→ **The problem**:
Lines to return, exactly: from the line with "Lining/李宁正品跑步系列男子冰感舒适防晒休闲运动外套AFDT185" to the line with "SILICONE case tok" in the entries below, both included.

Items from a dataset:

··········

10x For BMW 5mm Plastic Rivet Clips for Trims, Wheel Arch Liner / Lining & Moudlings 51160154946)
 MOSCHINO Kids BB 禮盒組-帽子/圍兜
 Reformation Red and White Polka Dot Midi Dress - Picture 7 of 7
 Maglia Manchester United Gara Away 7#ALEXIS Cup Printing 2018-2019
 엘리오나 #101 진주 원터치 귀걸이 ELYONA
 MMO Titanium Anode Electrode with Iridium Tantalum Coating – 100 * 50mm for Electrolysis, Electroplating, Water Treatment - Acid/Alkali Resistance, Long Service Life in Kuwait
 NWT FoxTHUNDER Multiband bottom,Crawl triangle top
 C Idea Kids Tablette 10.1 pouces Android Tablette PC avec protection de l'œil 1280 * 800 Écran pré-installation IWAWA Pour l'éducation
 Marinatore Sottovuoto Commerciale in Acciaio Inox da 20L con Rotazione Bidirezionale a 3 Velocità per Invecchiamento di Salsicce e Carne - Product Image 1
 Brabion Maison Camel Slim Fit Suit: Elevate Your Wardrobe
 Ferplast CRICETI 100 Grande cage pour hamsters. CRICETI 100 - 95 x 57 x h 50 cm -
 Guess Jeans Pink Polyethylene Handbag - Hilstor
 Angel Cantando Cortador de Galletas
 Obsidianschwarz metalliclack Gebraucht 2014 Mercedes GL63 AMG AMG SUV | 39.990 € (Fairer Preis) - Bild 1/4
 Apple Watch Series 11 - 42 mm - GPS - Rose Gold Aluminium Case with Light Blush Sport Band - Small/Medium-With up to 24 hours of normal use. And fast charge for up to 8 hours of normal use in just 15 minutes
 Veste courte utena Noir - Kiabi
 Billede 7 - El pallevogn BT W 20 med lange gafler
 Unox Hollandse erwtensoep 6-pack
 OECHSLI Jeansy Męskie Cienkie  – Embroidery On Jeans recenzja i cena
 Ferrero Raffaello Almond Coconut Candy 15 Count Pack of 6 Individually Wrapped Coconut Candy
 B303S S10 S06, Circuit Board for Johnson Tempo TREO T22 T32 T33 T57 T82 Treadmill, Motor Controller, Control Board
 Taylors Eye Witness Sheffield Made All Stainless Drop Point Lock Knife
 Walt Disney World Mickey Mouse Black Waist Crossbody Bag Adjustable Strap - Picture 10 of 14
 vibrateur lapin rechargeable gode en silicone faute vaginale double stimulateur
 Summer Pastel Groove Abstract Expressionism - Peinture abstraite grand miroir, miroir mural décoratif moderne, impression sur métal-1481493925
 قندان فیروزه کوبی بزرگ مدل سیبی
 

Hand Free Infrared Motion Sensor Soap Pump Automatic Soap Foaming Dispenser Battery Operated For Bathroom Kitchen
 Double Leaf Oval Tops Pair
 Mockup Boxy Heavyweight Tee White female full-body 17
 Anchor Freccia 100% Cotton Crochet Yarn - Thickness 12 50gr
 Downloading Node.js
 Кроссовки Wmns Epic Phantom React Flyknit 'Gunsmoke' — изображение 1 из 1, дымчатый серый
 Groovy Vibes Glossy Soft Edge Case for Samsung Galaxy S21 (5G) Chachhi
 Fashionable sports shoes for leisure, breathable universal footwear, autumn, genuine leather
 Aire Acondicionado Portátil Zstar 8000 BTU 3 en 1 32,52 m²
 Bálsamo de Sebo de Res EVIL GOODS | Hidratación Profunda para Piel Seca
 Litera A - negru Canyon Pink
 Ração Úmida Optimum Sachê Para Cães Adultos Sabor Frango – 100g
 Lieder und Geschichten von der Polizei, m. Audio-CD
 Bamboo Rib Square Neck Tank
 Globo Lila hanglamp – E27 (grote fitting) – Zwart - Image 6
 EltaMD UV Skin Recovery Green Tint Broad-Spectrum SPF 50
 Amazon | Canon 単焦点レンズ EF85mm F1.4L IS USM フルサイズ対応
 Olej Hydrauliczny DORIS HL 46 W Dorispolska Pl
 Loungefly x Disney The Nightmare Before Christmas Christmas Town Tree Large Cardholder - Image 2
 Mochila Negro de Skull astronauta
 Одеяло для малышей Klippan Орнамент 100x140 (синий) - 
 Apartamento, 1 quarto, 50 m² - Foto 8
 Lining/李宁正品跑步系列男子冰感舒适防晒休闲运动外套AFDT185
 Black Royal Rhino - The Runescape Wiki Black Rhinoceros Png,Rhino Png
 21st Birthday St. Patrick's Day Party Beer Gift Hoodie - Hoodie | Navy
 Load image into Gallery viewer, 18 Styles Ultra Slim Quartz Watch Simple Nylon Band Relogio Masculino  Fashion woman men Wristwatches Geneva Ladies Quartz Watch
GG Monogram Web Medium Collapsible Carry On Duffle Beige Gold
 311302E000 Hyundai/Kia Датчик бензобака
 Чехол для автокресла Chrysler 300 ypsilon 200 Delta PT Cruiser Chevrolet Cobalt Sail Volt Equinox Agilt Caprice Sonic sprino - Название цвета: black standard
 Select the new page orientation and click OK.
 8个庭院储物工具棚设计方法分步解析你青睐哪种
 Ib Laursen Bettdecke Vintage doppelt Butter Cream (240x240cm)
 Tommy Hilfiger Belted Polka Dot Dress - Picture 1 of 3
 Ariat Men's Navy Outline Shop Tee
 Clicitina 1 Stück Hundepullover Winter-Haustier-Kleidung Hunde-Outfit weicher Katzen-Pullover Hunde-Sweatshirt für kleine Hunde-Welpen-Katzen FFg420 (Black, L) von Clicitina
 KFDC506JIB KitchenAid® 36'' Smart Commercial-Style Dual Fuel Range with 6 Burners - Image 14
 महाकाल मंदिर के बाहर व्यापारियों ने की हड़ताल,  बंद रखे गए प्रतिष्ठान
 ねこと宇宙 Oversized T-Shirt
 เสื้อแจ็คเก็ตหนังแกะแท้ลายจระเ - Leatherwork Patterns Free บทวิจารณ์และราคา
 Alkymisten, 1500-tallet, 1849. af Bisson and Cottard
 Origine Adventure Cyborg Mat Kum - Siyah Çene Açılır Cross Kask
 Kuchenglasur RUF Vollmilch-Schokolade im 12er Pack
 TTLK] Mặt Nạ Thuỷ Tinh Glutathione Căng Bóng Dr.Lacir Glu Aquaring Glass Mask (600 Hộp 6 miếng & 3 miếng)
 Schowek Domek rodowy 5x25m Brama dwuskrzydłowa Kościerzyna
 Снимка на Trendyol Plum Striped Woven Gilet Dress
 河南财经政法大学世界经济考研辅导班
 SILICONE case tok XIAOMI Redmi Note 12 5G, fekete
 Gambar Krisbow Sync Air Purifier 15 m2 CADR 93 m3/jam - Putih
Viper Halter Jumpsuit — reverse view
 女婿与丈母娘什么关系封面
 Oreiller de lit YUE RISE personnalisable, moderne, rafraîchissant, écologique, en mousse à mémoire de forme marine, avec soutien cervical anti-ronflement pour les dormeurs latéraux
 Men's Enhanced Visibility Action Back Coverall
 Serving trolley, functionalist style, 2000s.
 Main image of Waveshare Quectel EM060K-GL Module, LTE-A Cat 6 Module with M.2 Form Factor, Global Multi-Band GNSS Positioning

··········

→ **Answer to this problem**:
 Lining/李宁正品跑步系列男子冰感舒适防晒休闲运动外套AFDT185
 Black Royal Rhino - The Runescape Wiki Black Rhinoceros Png,Rhino Png
 21st Birthday St. Patrick's Day Party Beer Gift Hoodie - Hoodie | Navy
 Load image into Gallery viewer, 18 Styles Ultra Slim Quartz Watch Simple Nylon Band Relogio Masculino  Fashion woman men Wristwatches Geneva Ladies Quartz Watch
GG Monogram Web Medium Collapsible Carry On Duffle Beige Gold
 311302E000 Hyundai/Kia Датчик бензобака
 Чехол для автокресла Chrysler 300 ypsilon 200 Delta PT Cruiser Chevrolet Cobalt Sail Volt Equinox Agilt Caprice Sonic sprino - Название цвета: black standard
 Select the new page orientation and click OK.
 8个庭院储物工具棚设计方法分步解析你青睐哪种
 Ib Laursen Bettdecke Vintage doppelt Butter Cream (240x240cm)
 Tommy Hilfiger Belted Polka Dot Dress - Picture 1 of 3
 Ariat Men's Navy Outline Shop Tee
 Clicitina 1 Stück Hundepullover Winter-Haustier-Kleidung Hunde-Outfit weicher Katzen-Pullover Hunde-Sweatshirt für kleine Hunde-Welpen-Katzen FFg420 (Black, L) von Clicitina
 KFDC506JIB KitchenAid® 36'' Smart Commercial-Style Dual Fuel Range with 6 Burners - Image 14
 महाकाल मंदिर के बाहर व्यापारियों ने की हड़ताल,  बंद रखे गए प्रतिष्ठान
 ねこと宇宙 Oversized T-Shirt
 เสื้อแจ็คเก็ตหนังแกะแท้ลายจระเ - Leatherwork Patterns Free บทวิจารณ์และราคา
 Alkymisten, 1500-tallet, 1849. af Bisson and Cottard
 Origine Adventure Cyborg Mat Kum - Siyah Çene Açılır Cross Kask
 Kuchenglasur RUF Vollmilch-Schokolade im 12er Pack
 TTLK] Mặt Nạ Thuỷ Tinh Glutathione Căng Bóng Dr.Lacir Glu Aquaring Glass Mask (600 Hộp 6 miếng & 3 miếng)
 Schowek Domek rodowy 5x25m Brama dwuskrzydłowa Kościerzyna
 Снимка на Trendyol Plum Striped Woven Gilet Dress
 河南财经政法大学世界经济考研辅导班
 SILICONE case tok XIAOMI Redmi Note 12 5G, fekete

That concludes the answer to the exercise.